There are various ways to capture changes in a database. Let’s look at a few of them here:




Here we maintain audit columns in the source like CREATED_AT, LAST_UPDATED or DATE_MODIFIED and query the data in the source to pick up any change based on these columns. It is important to note that this approach cannot capture delete operations.




Triggers are functions that perform user-defined actions based on a particular event happening with the database. This can be used to capture any changes in the database, including delete operations. However, this approach reduces database performance as it requires multiple writes every time an event occurs. 




Databases contain transaction logs (or redo logs) that store all events for recovery in case of a crash. With a log-based CDC, new database transactions are read from their own native log. This captures changes without scanning the source tables, which makes it more efficient than the other two approaches.


This approach is akin to event sourcing in an event-driven architecture, where whenever there is a change in the state of a system, we record it as an event. The recorded events can be used to rebuild the system state at any time by replaying them in the same sequence. 


Why use CDC?


Depending on the situation, application, architecture and business needs, there are many scenarios in which CDC is critical. Here are some ways in which CDC benefits the engineering process:


Real-time data availability: CDC tools capture changes in near real-time, ensuring the most up-to-date data is available for analysis, reporting or further processing.


Faster decision-making: CDC helps reduce the latency between the capture and availability of data, enabling quicker analysis and decision-making.


Efficient data integration: CDC tools help capture data from multiple operational sources and transform them into a common format in a single target database or data lake.


Customized design of target databases: CDC offers cross-functional benefits like creating a read-only search or query database in a CQRS system, creating an audit database, or capturing data in a data warehouse. It allows non-functional and architectural requirements to be decoupled from the primary data store.


Simplified data migration: In our case, CDC helped maintain data consistency between legacy and new databases during the modernization phase. This applies to various other data migration scenarios as well.


How do you choose the right CDC tool? 


There are several CDC tools available in the market, such as Oracle Golden Gate, Debezium, IBM Infosphere, Striim, StreamSets and Qlik Replicate. These tools can be open-source or paid. They often support both on-prem and cloud environments, and can handle various data sources. When choosing one, consider the following: 


  1. Compatibility with data sources: At the very least, the tool you choose must be compatible with all the data sources you want to capture changes from. 

  2. Real-time data capture: The tool should capture changes in near real-time for you to have the most up-to-date data to be available. 

  3. Data transformation and integration: The CDC tool should be able to handle data transformation from source to target data types.

  4. Pricing: The CDC tool must be cost-effective for your use case.
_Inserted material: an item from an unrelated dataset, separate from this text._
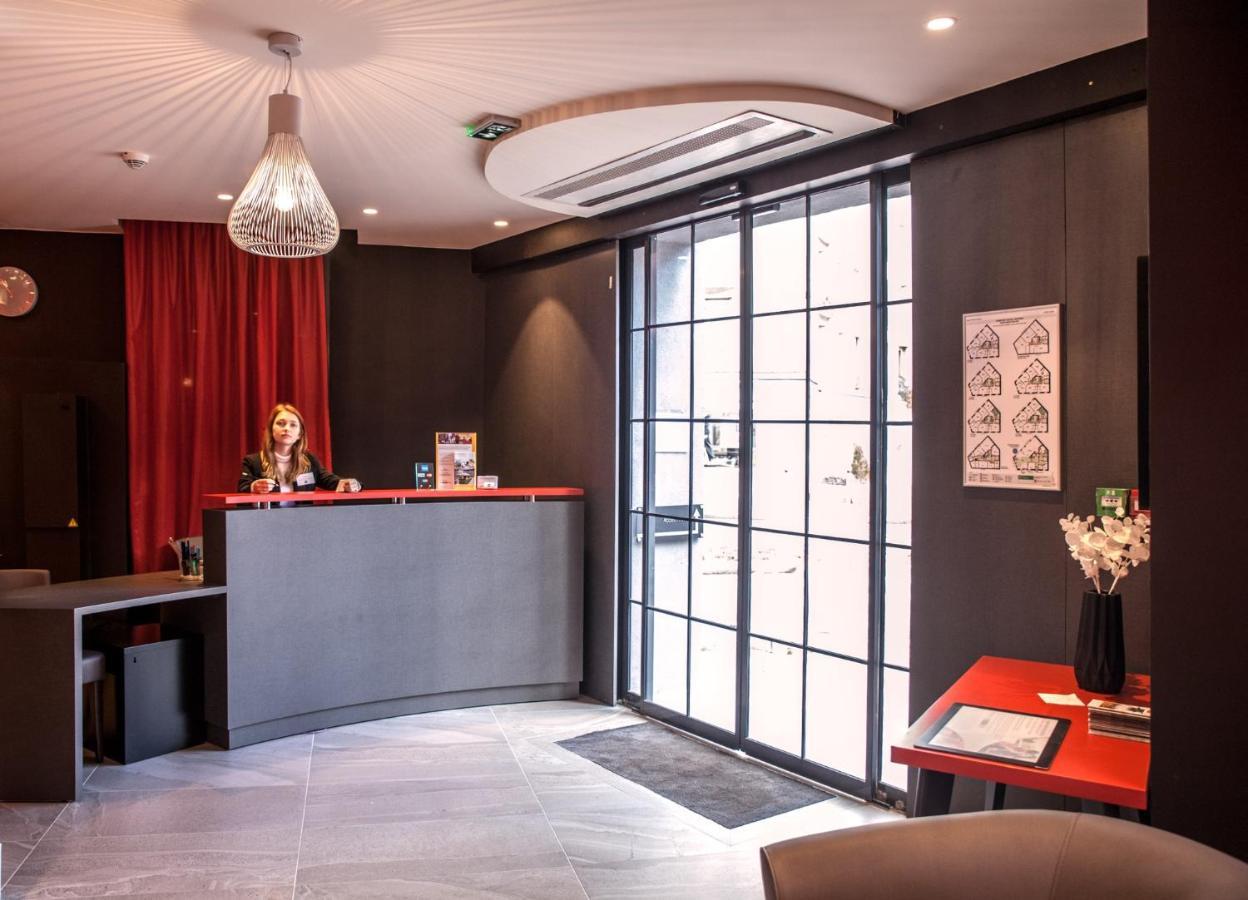 Hotel Sixteen Paris มงต์รูช ภายนอก รูปภาพ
There are open-source, paid and licensed products available that you can choose from.

  5. Ease of use and support: The tool should be easy to use for your team and have adequate support, including comprehensive documentation and technical support.
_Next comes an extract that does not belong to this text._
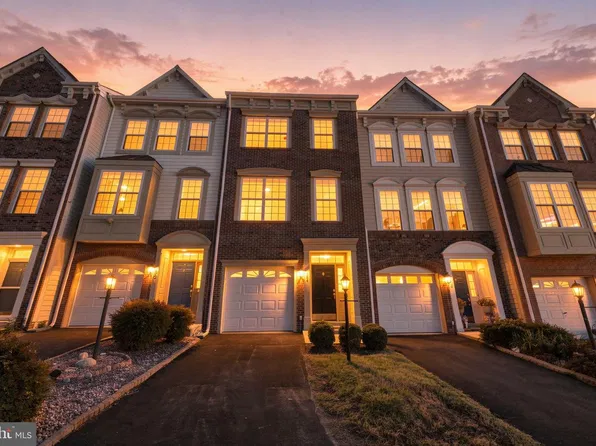 584 Edmonton Ter NE, Leesburg, VA 20176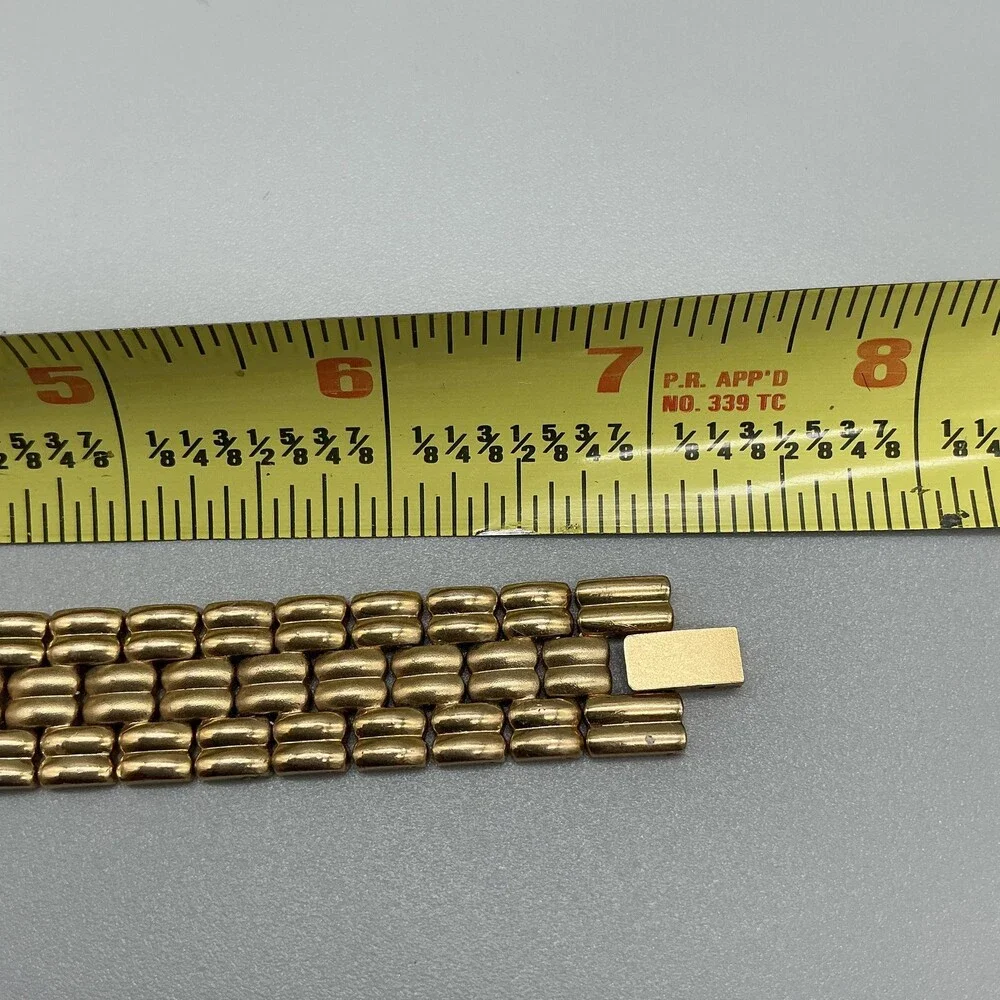 Vintage Elgin EM5253-017 Womens Watch 17mm Gold Tone Bracelet New Battery 7.25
  6. Miscellaneous features: Depending on your requirements, you might also want to check for additional specific features, such as bidirectional sync between source and target and cloud support. 


As businesses become tech-driven, data — both historical and current — will become a critical differentiating factor. Enabling accurate, timely, efficient and cost-effective change-data capture will become an integral part of any technology transformation initiative. When you face that situation, I hope this article is helpful.


Disclaimer: The statements and opinions expressed in this article are those of the author(s) and do not necessarily reflect the positions of Thoughtworks.